What a Crock! – Rootbeer Pulled Pork

I made my very first batch of pulled pork this weekend! HOORAY!!

I know, it’s not very exciting news, but it’s fun to celebrate new things.

I am not a big pork eater. Hubby likes it a lot more than me. In fact, I often skip pork chop night and just eat something else. As for pulled pork, I only tried it for the first time a few months ago. Some friends invited us for a casual dinner, and they served BBQ pulled pork on a bun. I have to admit, I wasn’t really looking forward to dinner. I figured if worse came to worst, I’d have an extra helping of salad…  Much to my surprise, the pork was actually quite tasty. Although, at the time, I made no plans to actually try cooking it myself.

Fast forward a few months, and I am reading a cooking blog – with a recipe for Rootbeer Pulled Pork. This sounds intriguing (and very easy). I do some reasearch and read different variations of this method. Although the ingredient list is very short (I’ll post the “recipe” below), there are a lot of different opinions on the best cut of meat to use, which seasonings to add (if any) and what kind of BBQ sauce to add.

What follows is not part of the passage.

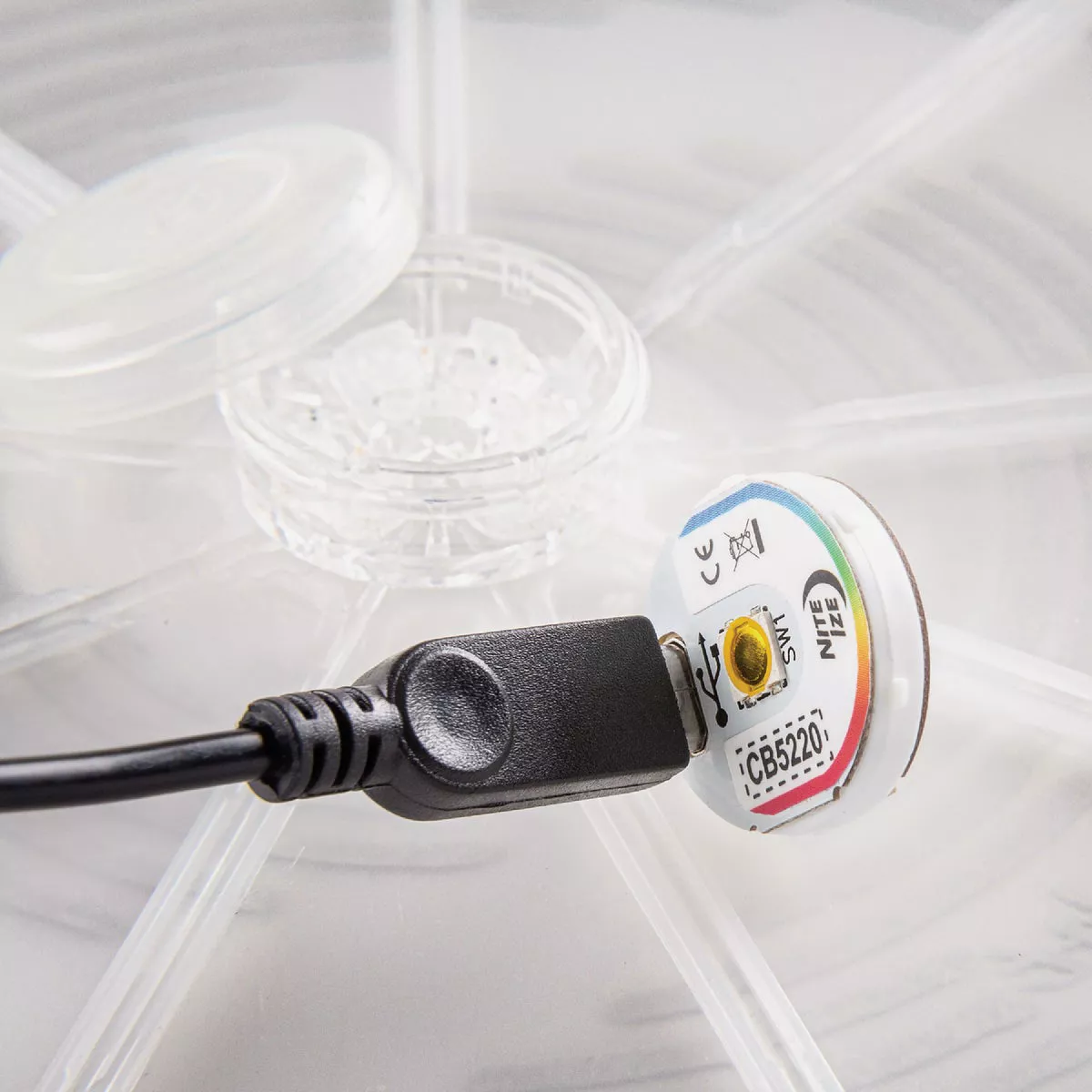 Nite Ize 10.75 In. Dia. Rechargeable Light Up Flying Disc - photo 3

Many keeping it as simple as “a bottle of your favourite BBQ sauce”.

When it comes to sauces, I tend to lean towards the sweeter rather than the tangy or spicy. As I’ve mentioned in previous posts, Hubby is the “sauce king”. He is always trying new ones, and experimenting with combining a variety of them to get a new taste. He does this with salad dressings too! Anyway, Hubby is kind of picky about his BBQ sauces, and always avoided buying Kraft. One day, he noticed them on sale for $0.99. There was a new brown sugar flavour (also contains molasses), which he decided to give a try. It turns out he doesn’t mind “some” of the Kraft BBQ sauces after all. I tried using it in my homemade hamburgers a few times, and quite liked it. I figured this was a perfect match to go with Rootbeer! It also would go perfect with a batch of Boston Baked beans (which have no tomato/ketchup, but also use brown sugar and molasses).

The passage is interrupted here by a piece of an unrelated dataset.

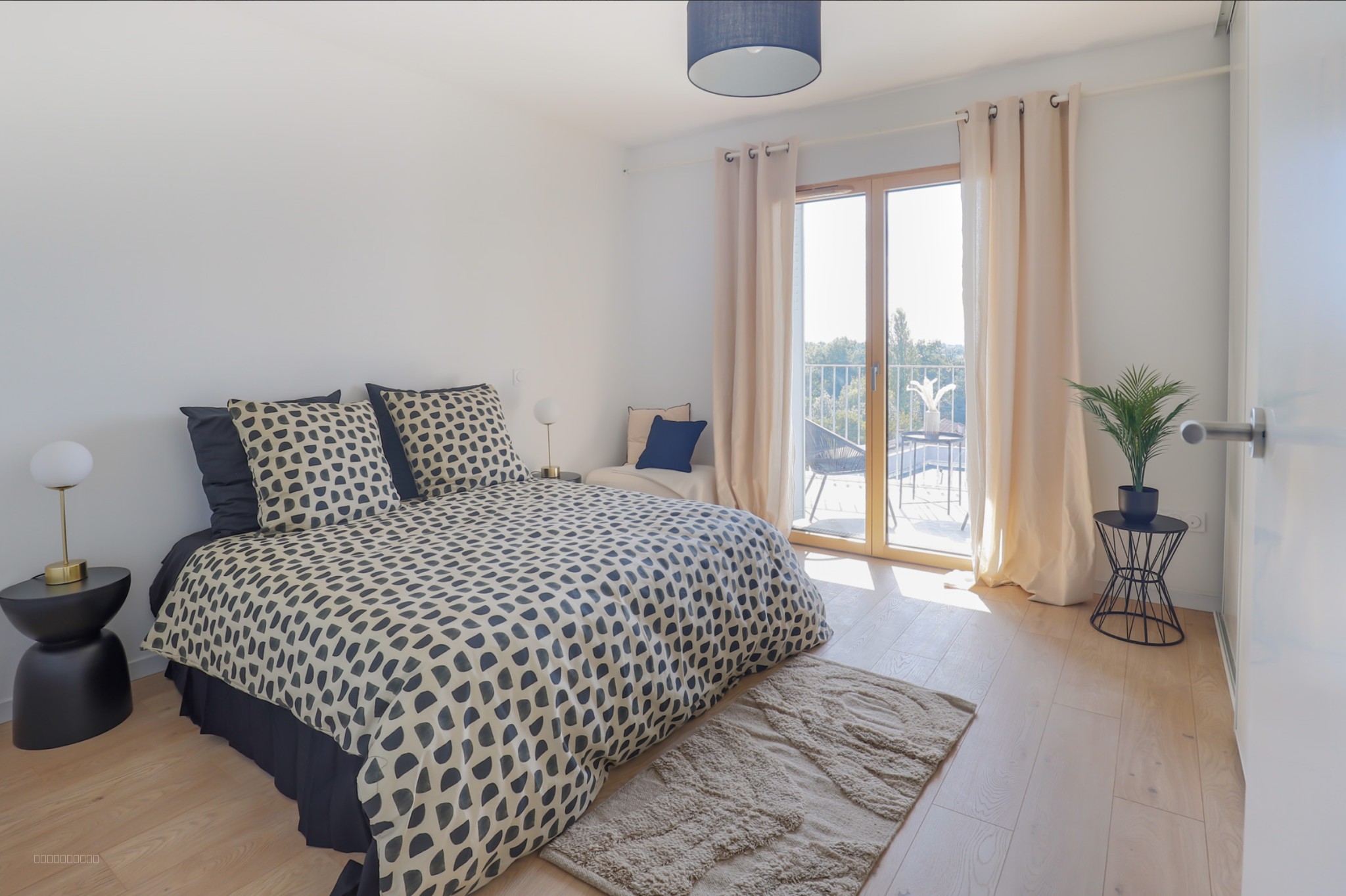 Appartement à vendre à Toulouse, 375 m², 2 pièces – photo 2 sur 5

As for the pork, many recipes use pork tenderloin, but a lot of people recommended using a less lean cut (with more fat and bones) such as pork shoulder because it will have more flavour. My friend makes it with something called a Picnic ham (but if I recall, that one might need to be boiled first). As for my choice of meat, it turned out I was at the mercy of the grocery store. They had run out of the tenderloin that was on sale, so I ended up buying pork shoulder. I honestly don’t think I’d ever looked at pork shoulder in the store, let alone cooked one.

As much as I love eating (cooked) meat, I sometimes get queasy at the sight of bones, hunks of fat and skin on my meat. It’s even worse when I have to touch raw meat, let alone cut it up. BLECH!! Some days I can “just do it”; other days is when Hubby comes to the rescue. I admit if I had to raise my own animals for food, I’d probably starve.

Rootbeer Pulled Pork

  • 2-3 lbs of Pork
  • Rootbeer
  • a bottle of your favourite BBQ sauce

Place the pork in your crockpot.

Optional: I am not sure how much this helped the flavour, but based on some internet advice:

  • Poke the meat all over with a fork. This is supposed to help the liquid absorb into the meat more.
  • Sprinkle garlic and onion powder all over the meat.

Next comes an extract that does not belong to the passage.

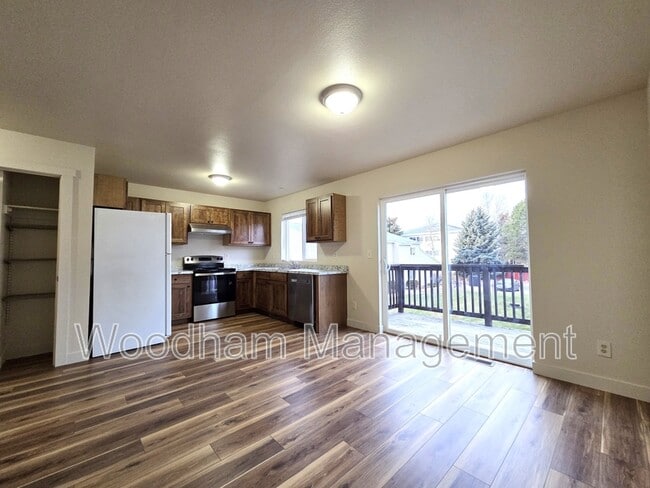 Building Photo - 1759 W Kagy Blvd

Pour Rootbeer over the meat. Most recipes call for 1 can of Rootbeer (which is about 14 ounces). I bought a 2 litre bottle, and used 2 cups.

Cook on low for 6-7 hours.

If you’re really hungry, at this point you can drain the meat (remove bones/fat if applicable), shred, stir in your bottle of sauce and serve.

Optional: I again followed another suggestion:

  • Remove any bones and visible fat etc.
  • Shred the meat. I used two forks, and it basically just fell apart.
  • Let shredded meat sit in cooking “juices” for about 10-15 minutes to absorb more flavour.
  • Drain off cooking liquid/juices.
  • Stir in BBQ sauce, and simmer on low in the crockpot for another 1 to  1-1/2  hours.

ENJOY!!

It turned out delicious and even tasted great reheated the next day.

I also read pulled pork freezes really well (up to a year), so you can always make up a big batch and save some for another day. Personally, I think I’d freeze the meat with some of the juices (without the BBQ sauce),  then drain after it’s thawed and warm up with the BBQ sauce before serving. Of course, that’s only if I was batch cooking, and not actually planning to eat any at the time and/or just freezing left-overs.

Unfortunately I don’t have a picture right now, but I’ll try to get one when we have left-overs tonight.

Have you loved your Crockpot lately?